American Family Immigration History Center
If you’re among the 40 percent of Americans with an ancestor who came through Ellis Island, sail directly to this Web site. From 1892 to 1924, more than 22 million immigrants, passengers and crew members came through Ellis Island and the port of New York. Those ship manifests have been transcribed and are searchable here. In addition to seeing a digital copy of your ancestor’s name on a manifest, you can find photos of his or her ship. Copies of the official documents and photos may be purchased here. (See the June 2001 Family Tree Magazine for a complete guide to this site).
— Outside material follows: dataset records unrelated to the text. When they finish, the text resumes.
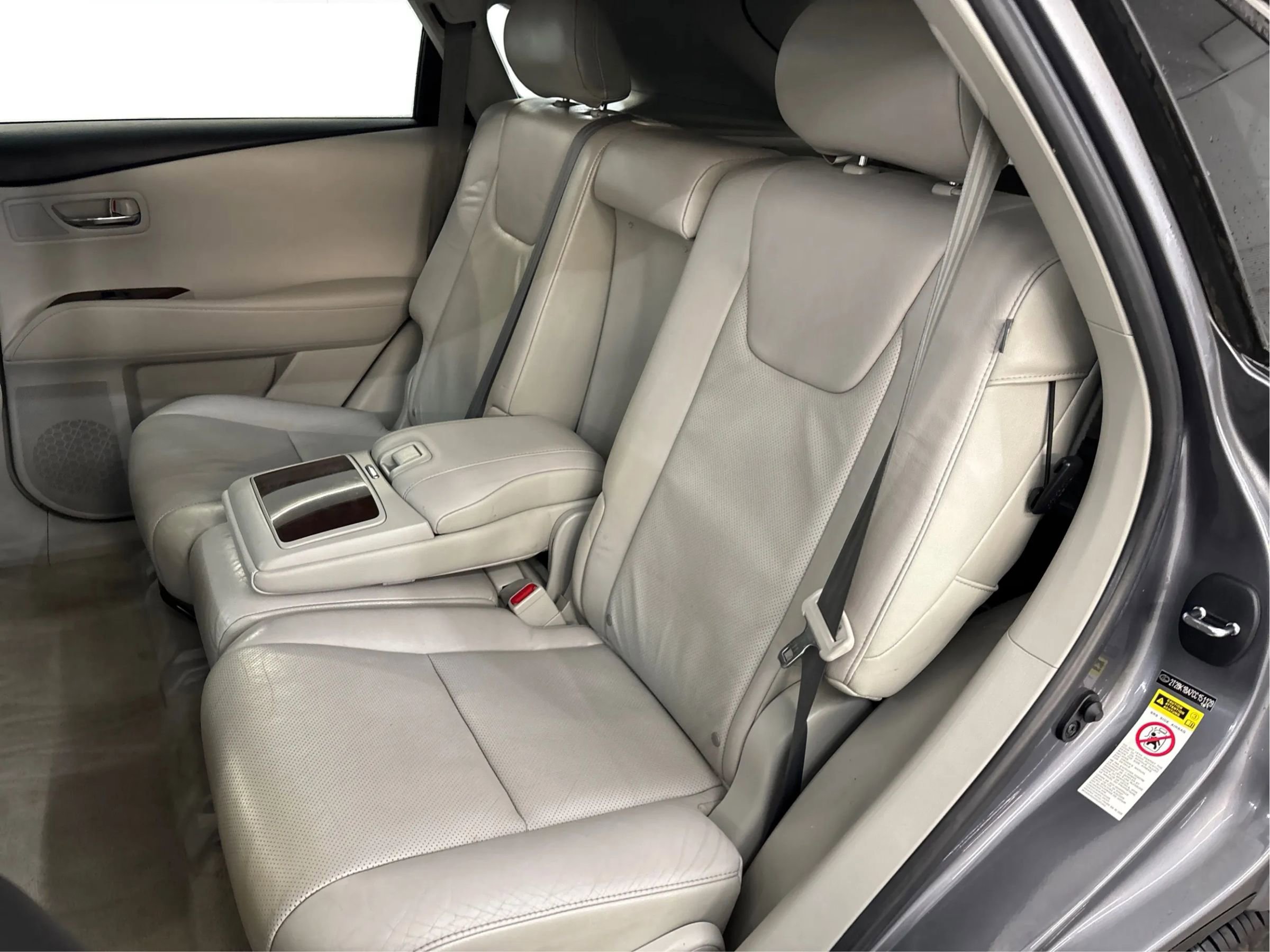 Used 2012 Lexus RX 350 AWD w/ Premium Pkg image 14
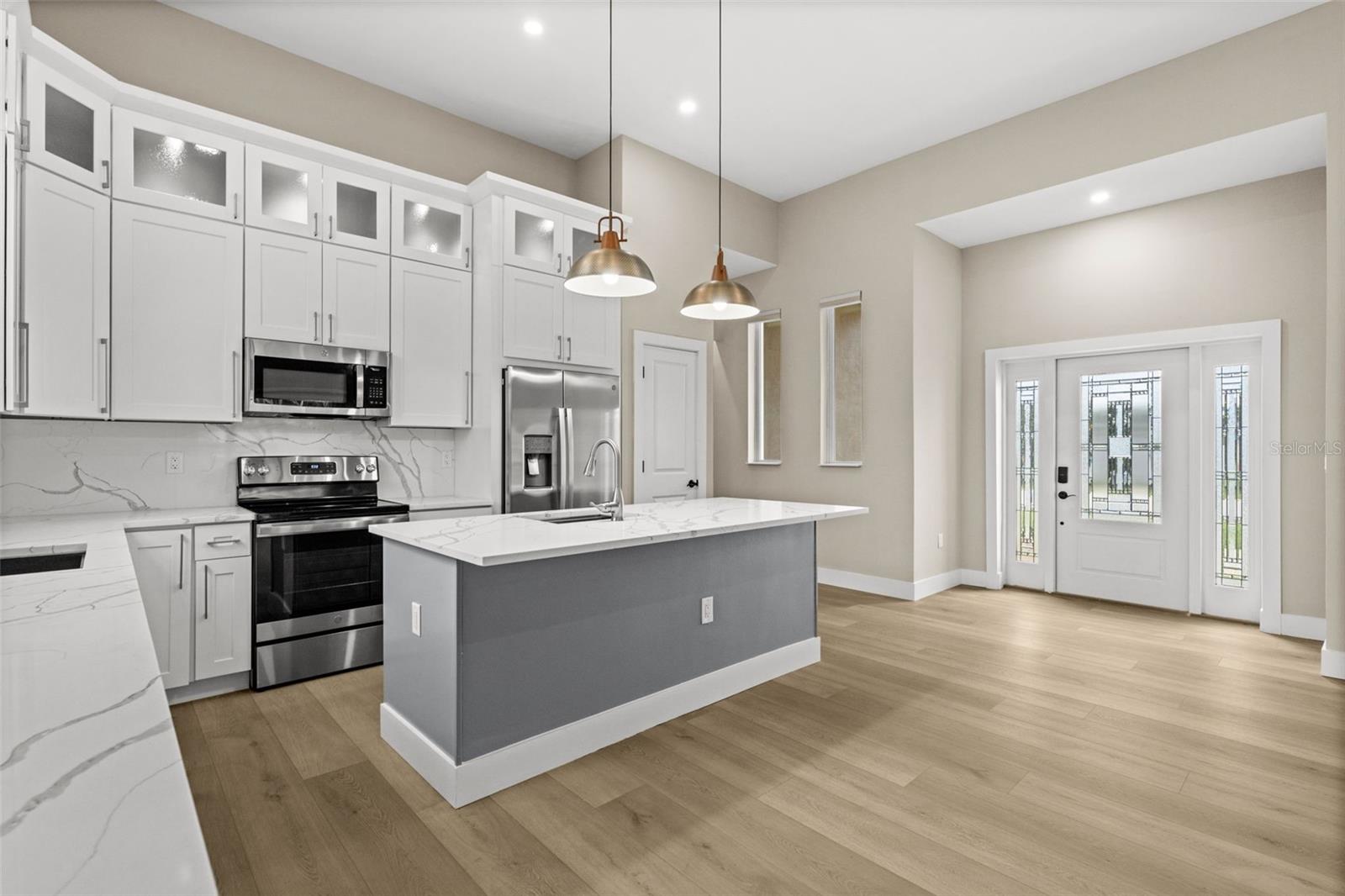 RIDGEWOOD - Residential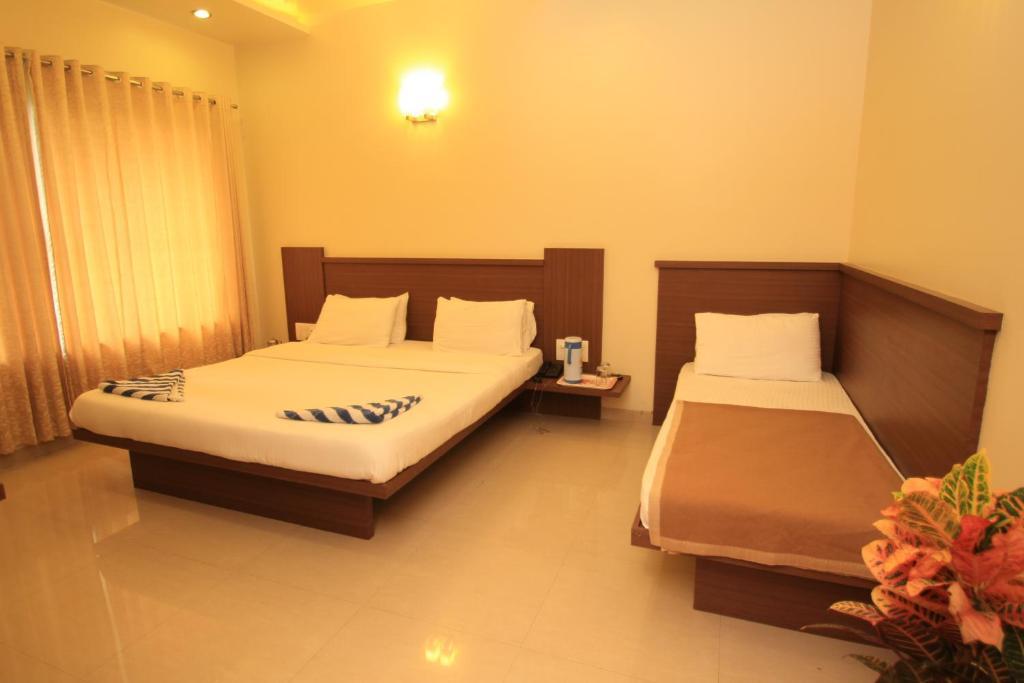 Hotel Sai Smaran Shirdi Δωμάτιο φωτογραφία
Immigrant Ships Transcribers Guild
The guild is a group of 500 volunteers who transcribe ship passenger lists, then post them online. To date, it’s recorded the lists of more than 4,000 ships. Use the on-site search engine to mine the five volumes of transcriptions. Each volume is also indexed by surname, date, ship’s name and port of departure and arrival. Don’t miss the link to The Compass—a valuable resource for anyone researching immigrant ancestors.
Immigrants to Canada
Get a feel for the 19th-century Canadian immigrant experience through links to vessels and passenger lists, extracts of an 1887 immigration report on Scandinavian “colonization,” passenger accounts of voyages, immigrant handbooks and maps.
NARA’s introduction to immigration records spells out which passenger lists the archives has—and where to look for the ones it doesn’t. A port-by-port list provides details on 1800 to 1959 records, including how to order microfilms.